Katha Shah — Writing Essay No. 002 · March 2025
AI · Accessibility · Deep Learning · USC

Deep Learning Meets
Accessibility: Building
Sign Language AI

Blindness cuts us off from things, but deafness cuts us off from people. — Helen Keller, American deaf-blind educator

That quote sat on the first slide of our presentation. We put it there because it said in one sentence what we were trying to solve in an entire research project — and because it reminded us, every time we looked at it, exactly who we were building for.

It was 2020. A deep learning class at the University of Southern California. Four of us — a small team who shared the belief that the most interesting problems in AI weren't the ones everyone was already racing toward. We wanted to build something for people who were being left behind by the technology boom.

We chose Sign Language Production. Not recognition — that had been explored. Production. The reverse direction: taking a word in English and automatically generating the sign language for it. Word in. 3D skeleton out.

The Gap Nobody Had Filled

The research landscape had a strange asymmetry. Sign Language Recognition — teaching a computer to understand signing from video — had received real attention. Production, the reverse direction, was almost entirely unexplored at the end-to-end level.

What that means practically: technology could help hearing people understand someone who was deaf. But it couldn't bridge the gap the other way. A truly accessible system needs to go both directions. We decided to try building one.

Why It Was Hard

Sign language is not a simplified spoken language. It uses every part of the body simultaneously — upper body motion, hand shape and trajectory, and facial expressions. Miss any channel and the meaning changes or disappears entirely.

That multi-channel complexity is what makes it genuinely difficult for a neural network. You're not generating a sequence of words. You're generating a continuous stream of 3D skeletal poses — joint coordinates across the torso, arms, hands, and face — all moving together in a way a real human signer would recognise as correct.

No one had built a fully end-to-end system that could do this. We were building into a gap with no established baseline, no prior model to build on, and a lot of open questions about whether it was even solvable.

Word to Skeleton

The core idea: give the system a word — say, "thank you" — and it outputs a stream of 3D skeletal pose frames showing exactly how to sign it in ASL. Upper body, arms, hands, face — all encoded as 3D joint coordinates, frame by frame. String the frames together and you have a fluid, animated sign.

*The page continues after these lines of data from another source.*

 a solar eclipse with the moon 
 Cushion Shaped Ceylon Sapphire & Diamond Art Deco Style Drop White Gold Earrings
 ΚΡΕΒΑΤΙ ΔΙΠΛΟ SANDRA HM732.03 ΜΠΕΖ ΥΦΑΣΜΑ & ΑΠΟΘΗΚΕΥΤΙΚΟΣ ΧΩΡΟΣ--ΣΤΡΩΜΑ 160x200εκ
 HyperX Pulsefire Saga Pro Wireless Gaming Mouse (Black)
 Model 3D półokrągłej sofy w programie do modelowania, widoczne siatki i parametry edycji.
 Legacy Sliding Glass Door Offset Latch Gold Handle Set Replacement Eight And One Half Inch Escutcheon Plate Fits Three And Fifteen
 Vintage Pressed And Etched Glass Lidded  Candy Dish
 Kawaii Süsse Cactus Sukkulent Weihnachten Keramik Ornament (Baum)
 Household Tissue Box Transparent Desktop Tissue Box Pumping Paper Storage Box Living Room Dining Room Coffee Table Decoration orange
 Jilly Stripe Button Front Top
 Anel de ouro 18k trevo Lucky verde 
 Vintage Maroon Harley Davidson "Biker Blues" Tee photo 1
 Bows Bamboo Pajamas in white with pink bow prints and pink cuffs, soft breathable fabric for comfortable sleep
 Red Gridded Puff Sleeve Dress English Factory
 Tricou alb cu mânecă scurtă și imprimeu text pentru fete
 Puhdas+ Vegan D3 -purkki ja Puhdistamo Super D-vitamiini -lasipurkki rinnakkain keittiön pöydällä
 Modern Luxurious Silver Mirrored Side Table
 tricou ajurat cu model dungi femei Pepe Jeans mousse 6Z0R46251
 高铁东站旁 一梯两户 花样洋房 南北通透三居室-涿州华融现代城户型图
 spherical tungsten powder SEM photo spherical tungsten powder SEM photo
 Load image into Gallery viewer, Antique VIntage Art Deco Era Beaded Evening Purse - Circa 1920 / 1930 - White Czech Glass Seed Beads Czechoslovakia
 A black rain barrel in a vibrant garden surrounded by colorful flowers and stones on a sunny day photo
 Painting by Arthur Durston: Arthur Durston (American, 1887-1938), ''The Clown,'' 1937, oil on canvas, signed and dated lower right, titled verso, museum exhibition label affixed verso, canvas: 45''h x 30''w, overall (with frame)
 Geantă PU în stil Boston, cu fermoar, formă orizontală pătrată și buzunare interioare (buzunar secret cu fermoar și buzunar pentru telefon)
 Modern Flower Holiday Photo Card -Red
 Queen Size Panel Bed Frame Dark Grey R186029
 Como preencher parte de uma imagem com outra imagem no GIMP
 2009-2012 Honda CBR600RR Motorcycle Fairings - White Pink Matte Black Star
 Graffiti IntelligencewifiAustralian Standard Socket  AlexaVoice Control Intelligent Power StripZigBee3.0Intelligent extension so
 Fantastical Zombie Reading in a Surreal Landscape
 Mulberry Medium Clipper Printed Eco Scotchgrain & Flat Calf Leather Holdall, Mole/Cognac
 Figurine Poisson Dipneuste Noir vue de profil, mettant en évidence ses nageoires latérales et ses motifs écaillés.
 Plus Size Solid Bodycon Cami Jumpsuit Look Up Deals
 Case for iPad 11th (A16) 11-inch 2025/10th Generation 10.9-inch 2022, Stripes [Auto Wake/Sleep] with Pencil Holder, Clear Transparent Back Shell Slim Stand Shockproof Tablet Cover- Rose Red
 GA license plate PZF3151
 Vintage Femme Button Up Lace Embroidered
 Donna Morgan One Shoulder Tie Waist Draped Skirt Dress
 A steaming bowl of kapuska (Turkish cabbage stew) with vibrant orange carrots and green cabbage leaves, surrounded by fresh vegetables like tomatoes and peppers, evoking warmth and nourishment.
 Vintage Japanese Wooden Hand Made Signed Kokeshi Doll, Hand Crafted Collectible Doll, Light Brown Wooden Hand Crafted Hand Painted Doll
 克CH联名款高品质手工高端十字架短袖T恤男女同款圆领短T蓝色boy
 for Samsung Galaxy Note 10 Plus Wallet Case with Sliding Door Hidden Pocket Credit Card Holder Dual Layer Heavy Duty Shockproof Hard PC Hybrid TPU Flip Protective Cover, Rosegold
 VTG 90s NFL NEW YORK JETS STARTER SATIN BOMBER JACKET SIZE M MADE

3D Sign Language Production — Full Pipeline
English Word
"thank you"
Input
WLASL Dataset
2,000 common ASL words · video corpus
Training data
OpenPose
Video → 2D skeletons · face, torso, hands
Preprocessing
Z-Estimation
Iterative backprop · 2D → 3D lift
3D conversion
Progressive Transformer + GAN
Generator + Conditional Discriminator
Model
3D Pose Sequence
N frames · joint coordinates · animated sign
Output

Turning Video Into Data

Before training anything, we had to turn raw sign language videos into something a neural network could learn from. We used the WLASL dataset — the largest Word-Level ASL video corpus available, covering 2,000 common words signed by multiple signers.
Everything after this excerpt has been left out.